SECTION 905. - -APPLICABLE RULES, 26 CFR 1.905-3: Redetermination of tax when credit proves incorrect

(Also Sections 6501, 6511; 301.6501(a)-1, 301.6511(d)-3.)

  Adjustment of earnings and profits;  claim for refund.  The earnings and profits of a foreign subsidiary corporation may be adjusted by the Service to reduce or offset the amount of a claim for refund made by the corporation's domestic parent under the 10-year statute of limitations in section 6511(d)(3)(A) of the Code even though the parent corporation's normal 3-year statute of limitations under section 6501(a) has expired.  Rev. Rul. 72-525 clarified.

ISSUE

  Under the circumstances described below, may the earnings and profits of a foreign subsidiary corporation be adjusted in connection with a claim for a United States income tax refund by the corporation's domestic parent after the normal 3-year period of limitations provided by section 6501(a) of the Internal Revenue Code has expired but within the 10-year period of limitations provided by section 6511(d)(3)(A)?

FACTS

  X, a United States corporation, owns all of the stock of S, a Country A foreign corporation.  Both X and § are accrual basis taxpayers and have as their taxable year the calendar year.  In 1975, § paid a dividend to X out of earnings and profits that were taxed under the Country A income tax law (a creditable income tax under section 901 of the Code).  On its 1975 United States income tax return, X claimed a section 901 foreign tax credit based on calculations it had made under section 902.  In 1980, S's 1975 taxable year was audited by Country A and certain claimed deductions were disallowed because Country A authorities determined that the expenditures for which the deductions had been claimed were capital in nature rather than deductible expenses. Accordingly, § was assessed additional Country A income tax in 1980 after pursuing and exhausting all effective and practical remedies with respect to the foreign audit adjustments.  In 1980 (after the expiration of the normal 3- year period of limitations on assessment provided by section 6501(a) of the Code, but within the 10-year limitations period for claims for refund of foreign taxes in section 6511(d)(3)(A)), X filed a claim for a United States income tax refund for 1975, alleging that additional foreign taxes had accrued with respect to the 1975 dividend paid by S.  In processing this claim, the Internal Revenue Service increased S's 1975 earnings and profits (thereby increasing S's accumulated profits under section 902) because the Service determined that, under United States standards, the deductions disallowed by Country A were capital expenditures. The earnings and profits (and the accumulated profits) adjustment had the effect of decreasing the United States refund claimed by X.

LAW AND ANALYSIS

  Section 6501(a) of the Code provides in general that the amount of any tax imposed by the Code must be assessed within 3 years after the taxpayer's return is filed.

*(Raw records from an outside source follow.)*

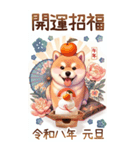 【あけおめ】柴犬と白馬の2026（個別スタンプ：10）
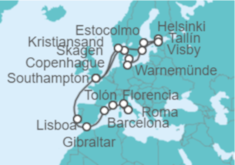 Itinerario del Crucero desde Civitavecchia (Roma) a Southampton (Londres) - Princess Cruises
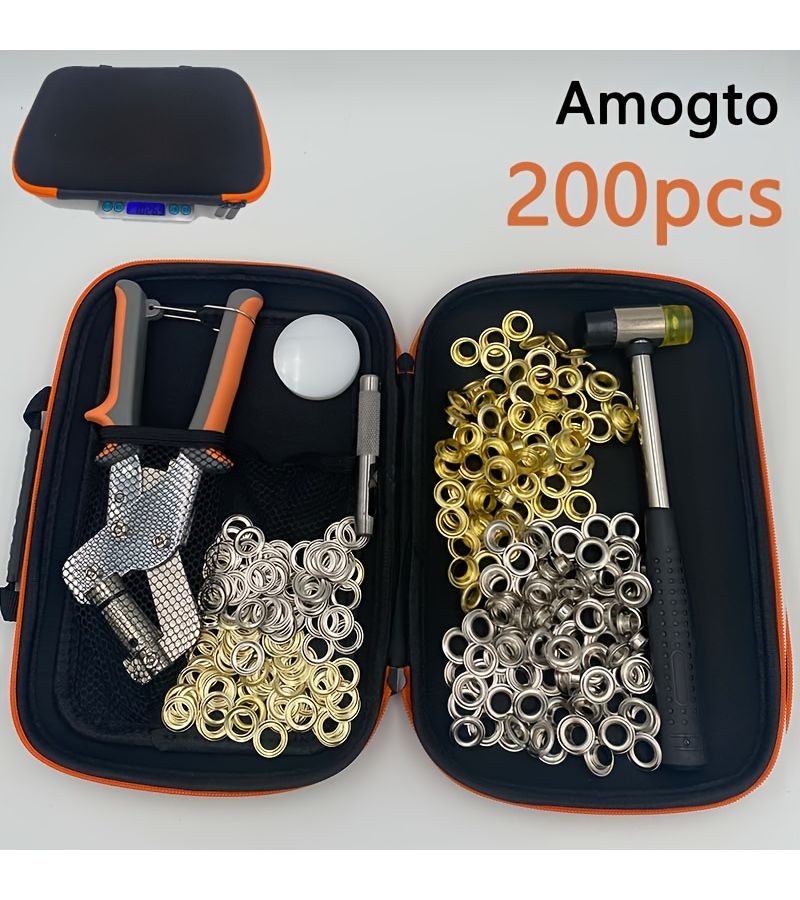 200Pcs Curated Luxury Grommet Tool Set With Hole Punch Pliers Hammer And Metal Eyelets For Tarp Repair And Installation 10mm - Image 3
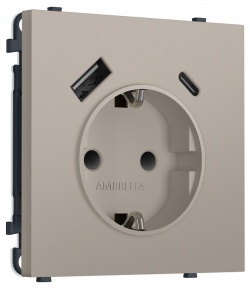 Розетка с заземлением и со шторкой и 2хUSB type A и C, без рамки Ambrella Volt MS MS370010 в интернет-магазине "Галерея света"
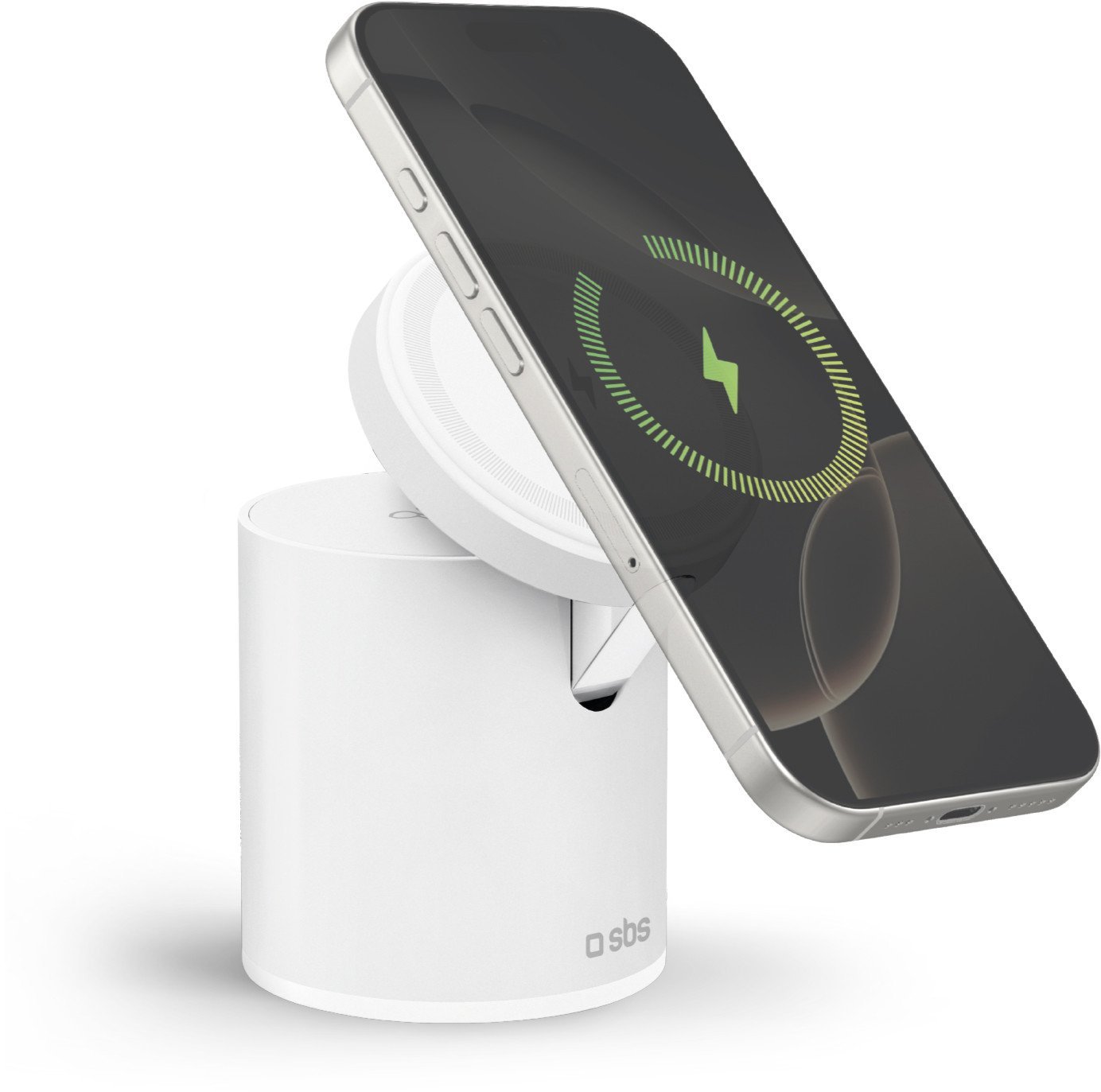 Karikues me bazë magnetike SBS Power Dock TEWIRMAGFOLD2IN1, 2 në 1, 15W, i bardhë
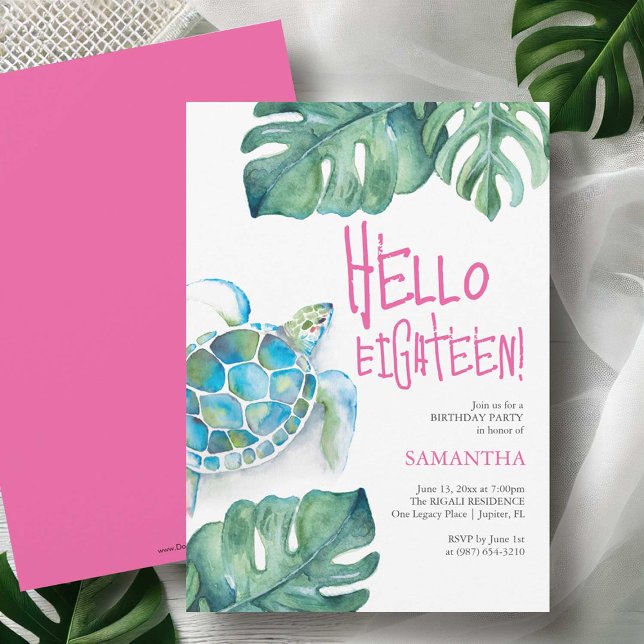 18th Birthday Invitations Watercolor Sea Turtle (18th birthday party invitations watercolor sea turtle & palm leaf Victoria Grigaliunas DoTellABelle)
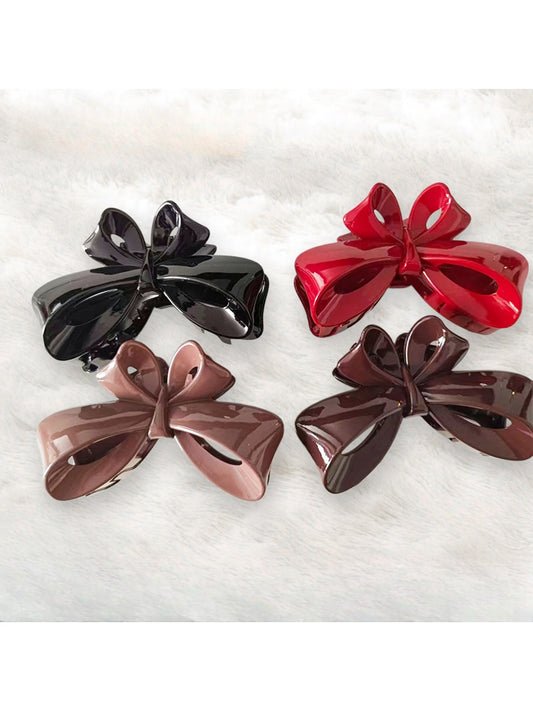Beau - Retro Bow Shape Plastic Claw Hair Clip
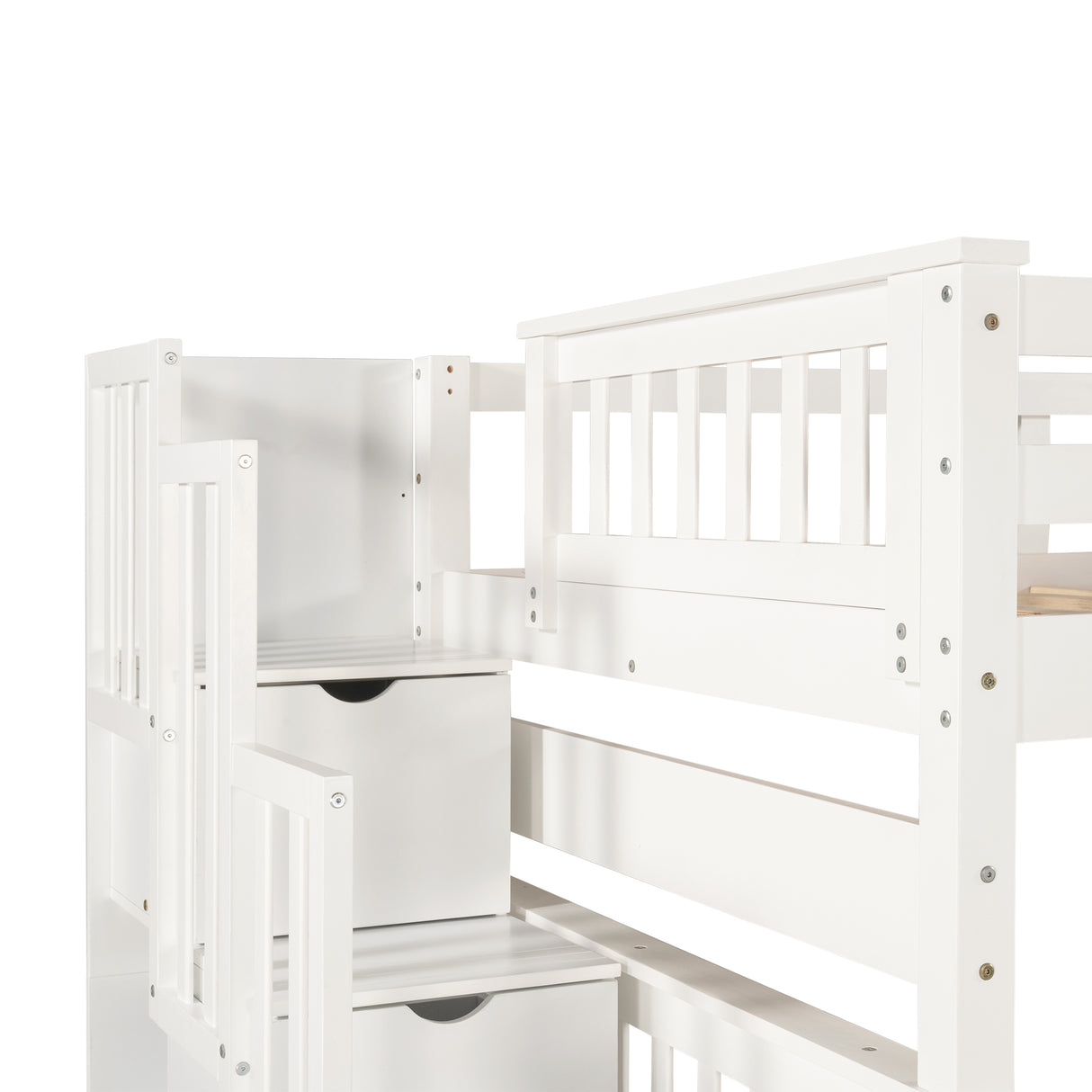 Full Over Full Bunk Bed with Shelves and 6 Storage Drawers, White(Old SKU：LP000046AAK) - Home Elegance USA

  Section 6501(c)(5) of the Code provides that the special rules of section 905(c) are applicable when the adjustment of certain taxes allowed as a credit against income taxes results in additional tax.

  Under section 905(c) of the Code, the taxpayer must notify the Secretary, who must redetermine the amount of the tax for the year or years affected, (1) if accrued foreign taxes when paid differ from the amounts claimed as credits by the taxpayer, or (2) if the taxes have been partially or fully refunded to the taxpayer.  If any tax is due upon redetermination, the taxpayer must pay the amount upon notice and demand.  If the Secretary determines that an overpayment exists, the amount must be credited or refunded to the taxpayer in accordance with subchapter B of chapter 66 of the Code (section 6511 and following).

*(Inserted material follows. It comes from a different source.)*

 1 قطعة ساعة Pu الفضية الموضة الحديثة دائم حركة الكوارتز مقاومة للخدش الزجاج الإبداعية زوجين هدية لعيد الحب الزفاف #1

  Section 6511(a) of the Code provides that a taxpayer must file a claim for credit or refund of an overpayment of any tax for which a return is required within 3 years from the time the return was filed or 2 years from the time the tax was paid, whichever is later.  If the taxpayer did not file a return, the claim must be filed within 2 years from the time the tax was paid.

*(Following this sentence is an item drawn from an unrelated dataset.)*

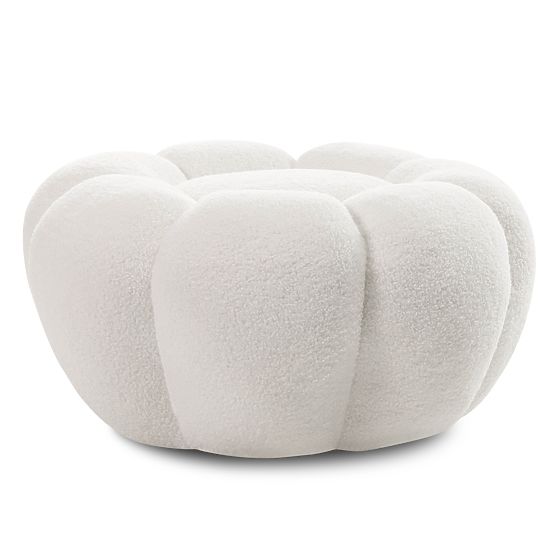 Perugia Pouf, White, Boucle, Rounded Shapes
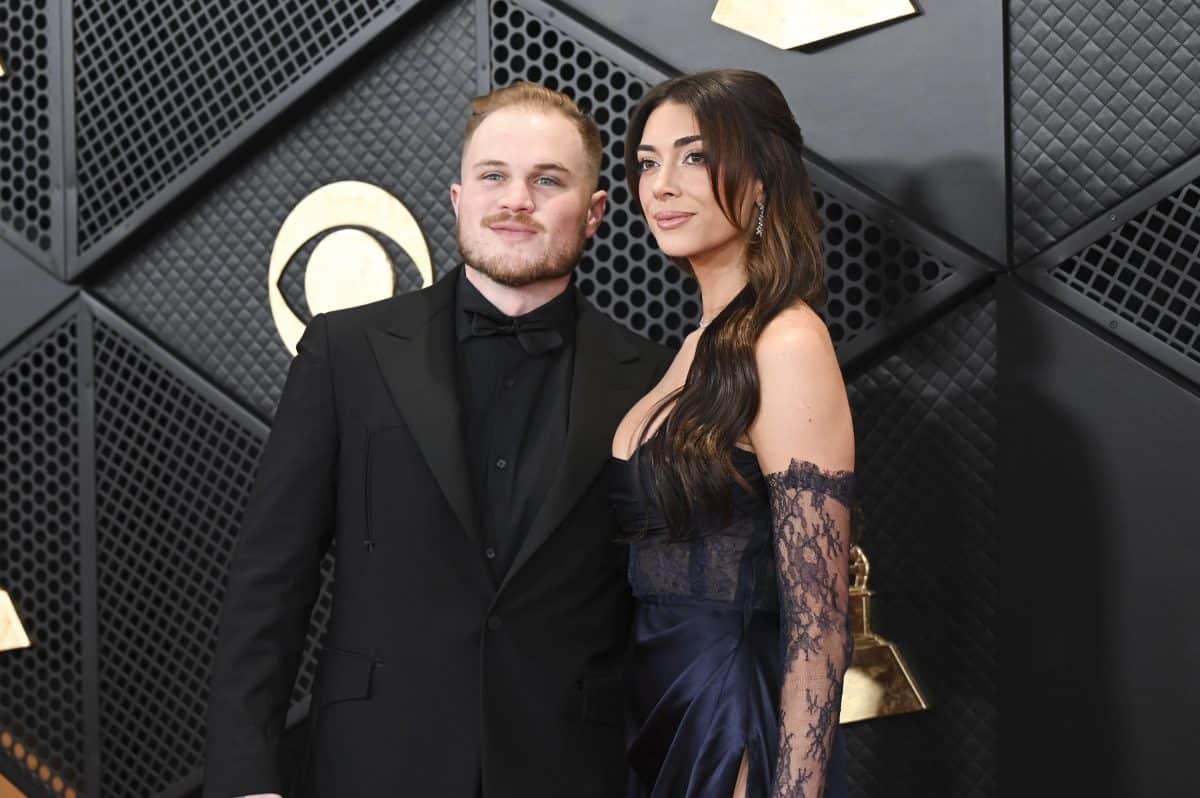 Zach Bryan and Bri LaPaglia aka ‘Brianna Chickenfry’ at the 66th Annual GRAMMY Awards held at Crypto.com Arena on February 4, 2024 in Los Angeles, California. (Photo by Gilbert Flores/Billboard via Getty Images)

  Under section 6511(d)(3)(A) of the Code, the taxpayer may file a claim for credit or refund within 10 years from the last date prescribed for filing the return for the year with respect to which the claim is made when the claim relates to an overpayment of income tax attributable to foreign taxes that are creditable under section 901 or under a treaty.  The 10-year period is in place of the 3-year period prescribed in section 6511(a).

  In Pacific Metals Corp. v. Commissioner, 1 T.C. 1028 (1943), the Tax Court held that the predecessor of section 905(c) of the Code indefinitely postponed the period of limitations on assessment during the time that the taxpayer had not ascertained the correct amount of the foreign tax owed and had not informed the Service of the correct amount.  See also Rev. Rul. 71-454, 1971-2 C.B. 294.

  In Texas Co. (Caribbean) Ltd. v. Commissioner, 12 T.C. 925 (1949), acq., 1949-2 C.B. 3, the Tax Court noted that public policy generally requires a fixed period of limitations on assessment of tax and held that the Service's power to recompute tax liability under the predecessor of section 905(c) of the Code should be limited to the two general situations covered by the statute: (1) when the amount of foreign tax paid differs from the amount claimed as a credit, and (2) when the taxpayer receives a refund of foreign tax that the taxpayer previously claimed as a credit.  Thus, the Service may assess an additional United States income tax liability after the expiration of the normal 3-year period of limitations in section 6501(a) with respect to substantive foreign tax adjustments, but not with respect to computational errors associated with the taxpayer's United States income tax return.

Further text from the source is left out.